When we meet the Glovers for a few minutes during the middle of episode seven, they had been helped by the Boltons to get their castle back, with no malice or anger towards the Boltons. Clearly their lands hadn’t been ravaged or people raped; so the Boltons are able to support their allies with minimal human rights abuses. The Bolton’s barbarism is only directed at their enemies. Which was, tragically, common medieval practice, because of castles and money.
Medieval warfare was not primarily about pitched battles, but was overwhelmingly focused on siege-craft. William the Conqueror for example (the Norman who showed up in 1066 and never left) was at war for most of his life, but only ever fought in two pitched battles; the rest of his time was spent attacking or defending castles. The trouble was, sieges were ruinously expensive because they lasted so long. Modern armies are hired all year round, and so it doesn’t make much difference if the soldiers are sitting in their barracks or outside someone else’s throwing rocks and babies. Medieval armies however were hired when needed, then sent away again. So if there’s no siege, then no army. With a siege, you need an army for months or years to sit outside the walls. Edward III racked up such big military debts that he had to promise not to leave Flanders without permission, and put the Crown Jewels up as collateral.

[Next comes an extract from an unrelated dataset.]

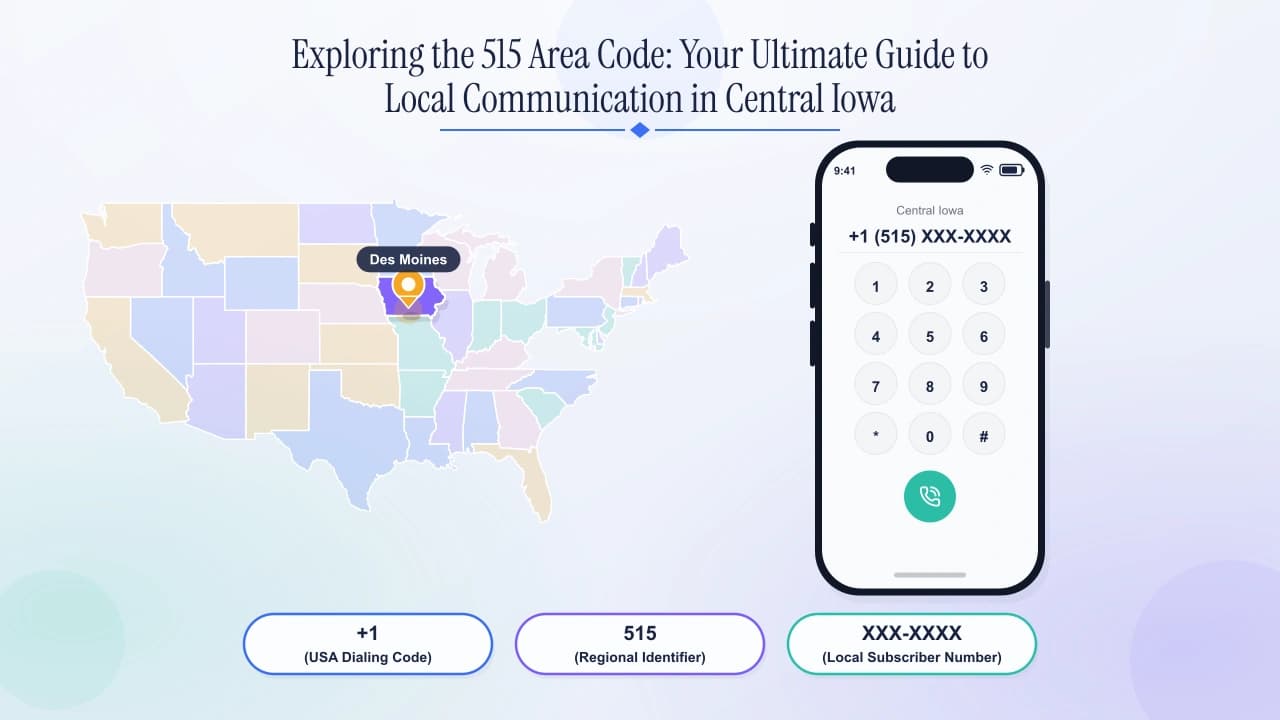 Exploring the 515 Area Code: Your Ultimate Guide to Local Communication in Central Iowa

So to help reduce costs, you need to either force your enemy to come out of their castle and meet you, or intimidate them into surrendering. And both of these options involve looting, pillaging, burning and terrifying the local population. The horrible thing for the modern reader? It worked. Maybe not forever, but certainly on the order of years. When William the Conqueror took England, the North rebelled against him. He pillaged the lands so badly that people resorted to cannibalism to survive, and 20 years later the population was a quarter of what it had been. The result: The North gave no trouble. Edward III slaughtered peasants across the south of Scotland in 1356, and earned himself two decades of peace.
Killing, butchering and raping peasants was just something that happened; and a medieval would probably not particularly notice.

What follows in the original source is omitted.